START Records for processing

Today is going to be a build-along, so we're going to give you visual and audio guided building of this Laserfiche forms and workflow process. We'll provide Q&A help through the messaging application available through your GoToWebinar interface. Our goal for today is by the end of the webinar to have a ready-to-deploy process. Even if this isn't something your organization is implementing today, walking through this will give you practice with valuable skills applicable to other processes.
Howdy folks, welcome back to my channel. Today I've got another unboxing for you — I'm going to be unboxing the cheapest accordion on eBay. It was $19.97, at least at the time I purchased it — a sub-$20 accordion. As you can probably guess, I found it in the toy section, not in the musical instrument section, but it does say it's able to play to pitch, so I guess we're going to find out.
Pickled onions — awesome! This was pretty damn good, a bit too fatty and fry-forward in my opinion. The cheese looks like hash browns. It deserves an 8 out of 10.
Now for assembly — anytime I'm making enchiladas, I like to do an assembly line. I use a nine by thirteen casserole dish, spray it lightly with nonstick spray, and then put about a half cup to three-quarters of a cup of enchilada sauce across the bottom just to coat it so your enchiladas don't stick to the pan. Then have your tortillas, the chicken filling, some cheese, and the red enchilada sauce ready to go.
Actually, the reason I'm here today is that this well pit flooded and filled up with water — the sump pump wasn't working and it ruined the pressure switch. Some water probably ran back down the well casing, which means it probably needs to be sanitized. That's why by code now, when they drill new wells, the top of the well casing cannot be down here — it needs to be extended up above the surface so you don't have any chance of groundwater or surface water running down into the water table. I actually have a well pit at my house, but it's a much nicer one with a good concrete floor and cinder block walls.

END Records for processing
START Records for processing

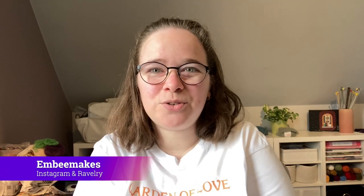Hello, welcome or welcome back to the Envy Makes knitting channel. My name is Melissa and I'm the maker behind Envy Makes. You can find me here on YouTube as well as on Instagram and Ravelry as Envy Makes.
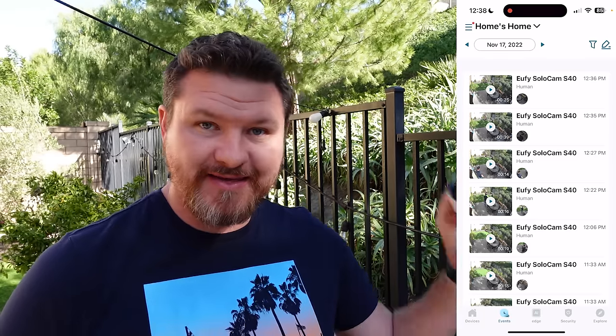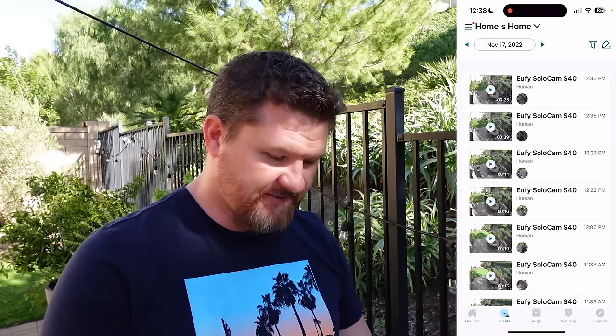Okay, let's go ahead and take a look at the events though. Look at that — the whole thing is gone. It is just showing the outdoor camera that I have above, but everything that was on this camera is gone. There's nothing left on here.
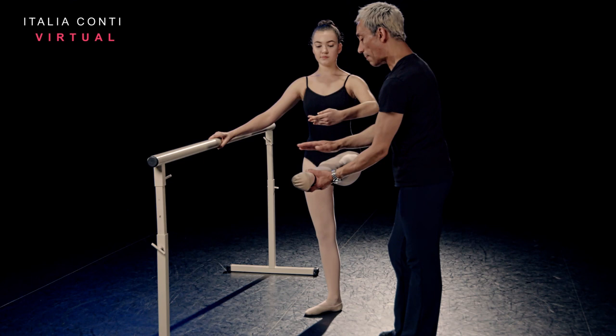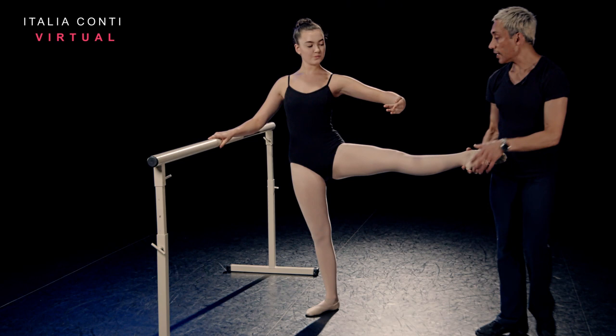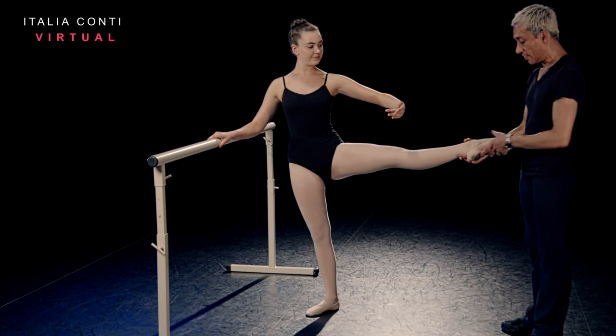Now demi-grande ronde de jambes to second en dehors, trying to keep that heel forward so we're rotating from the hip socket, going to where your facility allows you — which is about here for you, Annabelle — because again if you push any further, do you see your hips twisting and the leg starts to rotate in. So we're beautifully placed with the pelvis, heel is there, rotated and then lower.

END Records for processing

Description of the task:
When you reach the line holding "Today is going" in the records above, begin reproducing exactly, stop after the line holding "Now for assembly", and output nothing else.

Finished task:
Today is going to be a build-along, so we're going to give you visual and audio guided building of this Laserfiche forms and workflow process. We'll provide Q&A help through the messaging application available through your GoToWebinar interface. Our goal for today is by the end of the webinar to have a ready-to-deploy process. Even if this isn't something your organization is implementing today, walking through this will give you practice with valuable skills applicable to other processes.
Howdy folks, welcome back to my channel. Today I've got another unboxing for you — I'm going to be unboxing the cheapest accordion on eBay. It was $19.97, at least at the time I purchased it — a sub-$20 accordion. As you can probably guess, I found it in the toy section, not in the musical instrument section, but it does say it's able to play to pitch, so I guess we're going to find out.
Pickled onions — awesome! This was pretty damn good, a bit too fatty and fry-forward in my opinion. The cheese looks like hash browns. It deserves an 8 out of 10.
Now for assembly — anytime I'm making enchiladas, I like to do an assembly line. I use a nine by thirteen casserole dish, spray it lightly with nonstick spray, and then put about a half cup to three-quarters of a cup of enchilada sauce across the bottom just to coat it so your enchiladas don't stick to the pan. Then have your tortillas, the chicken filling, some cheese, and the red enchilada sauce ready to go.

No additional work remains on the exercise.